Весной 1920 года она проводила много времени с художником В. Д. Милиоти, с которым у нее началась, как она это называла, «полоса проступков». Он был первым, «чему я улыбнулась после всего ужаса», — писала она. Нам мало известно об этих отношениях, но ее подруга Вера Звягинцева вспоминала о других мужчинах в жизни Цветаевой в то время. Звягинцева не была полностью беспристрастной по отношению к Цветаевой, которая, по-видимому, безуспешно флиртовала с ее мужем. Более того, ее описание Цветаевой поразительно:

«Марина носила крылатое пальто — пальто с накидкой, нелепое платье: какое-то простое платье с розовыми пуговицами, годное для уличной ярмарки, которое было не к месту. Так как она всегда была туго опоясана, я называла ее «кавалеристом»… Марина мыла свои волосы пшеничного цвета в нашей ванной комнате каждый раз, когда приходила к нам. И шла спать, не снимая туфель, хотя я отдавала ей нашу последнюю чистую рубашку, которую стирала сама. Ее волосы были красивыми и пушистыми. Ее лицо было опухшим от питания, состоявшего в основном из мерзлой картошки; ее глаза были зелеными — «соленые крестьянские глаза».
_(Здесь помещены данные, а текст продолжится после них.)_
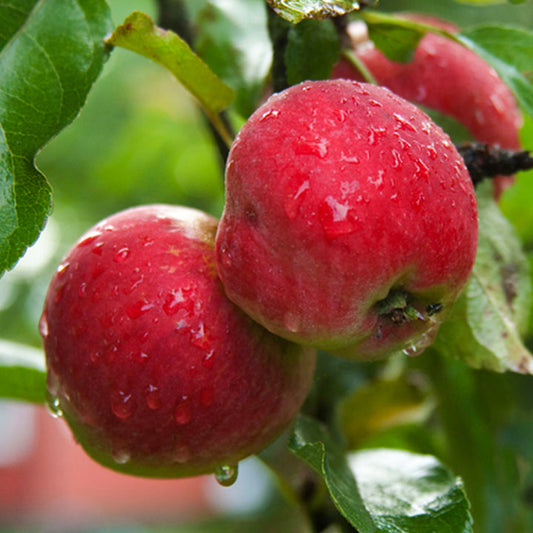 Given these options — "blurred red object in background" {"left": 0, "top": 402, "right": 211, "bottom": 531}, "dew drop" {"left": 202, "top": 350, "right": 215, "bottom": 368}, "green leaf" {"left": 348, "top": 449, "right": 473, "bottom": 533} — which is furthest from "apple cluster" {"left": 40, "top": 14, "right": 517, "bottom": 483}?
"blurred red object in background" {"left": 0, "top": 402, "right": 211, "bottom": 531}

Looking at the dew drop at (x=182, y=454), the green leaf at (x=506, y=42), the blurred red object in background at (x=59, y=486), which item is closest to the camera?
the dew drop at (x=182, y=454)

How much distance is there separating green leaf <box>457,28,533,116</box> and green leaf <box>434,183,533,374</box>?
9 centimetres

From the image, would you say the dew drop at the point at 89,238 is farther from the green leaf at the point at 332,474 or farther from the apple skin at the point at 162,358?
the green leaf at the point at 332,474

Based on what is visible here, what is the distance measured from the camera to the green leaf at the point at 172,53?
0.62 meters

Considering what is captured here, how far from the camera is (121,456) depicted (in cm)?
62

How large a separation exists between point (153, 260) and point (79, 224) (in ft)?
3.53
Звягинцева предполагала, что у Цветаевой было что-то вроде романа с Волькенштейном, бывшим мужем Парнок, с которым она часто приходила в их дом; она также подозревала, что «было что-то между Мариной и Татьяной Федоровной, [второй] женой Скрябина». Но она совершенно определенно говорит о поведении Цветаевой с Валерием Бебутовым, который интересовал саму Звягинцеву. Цветаева встретилась с ним на вечере у Звягинцевой. Бебутова и Цветаеву позже оставили в столовой, и, как вспоминает Звягинцева, «она выхватила его у меня немедленно, пока он был еще тепленьким. Когда в темноте я зашла в столовую за спичками (Марина научила меня курить, она и голод), они уже лежали «в позиции». Она лежала на нем и околдовывала словами. Она часто говорила, что ее главная страсть — общаться с людьми; что сексуальные отношения необходимы, потому что это единственный способ постигнуть человеческую душу».

Секс и поэзия играли схожую роль в жизни Цветаевой: и то и другое было подчинено сильному желанию оказывать влияние на другую личность, разрушить ее уединение.

В доме Звягинцевой Цветаева также встретилась с князем Сергеем Михайловичем Волконским. Волконский — писатель, бывший директор Императорского театра и сын героя-декабриста — был гораздо старше Цветаевой, но сразу же пленил ее. Она видела в нем учителя, учителя, которому хотела служить, и она переписала сотни страниц его работ.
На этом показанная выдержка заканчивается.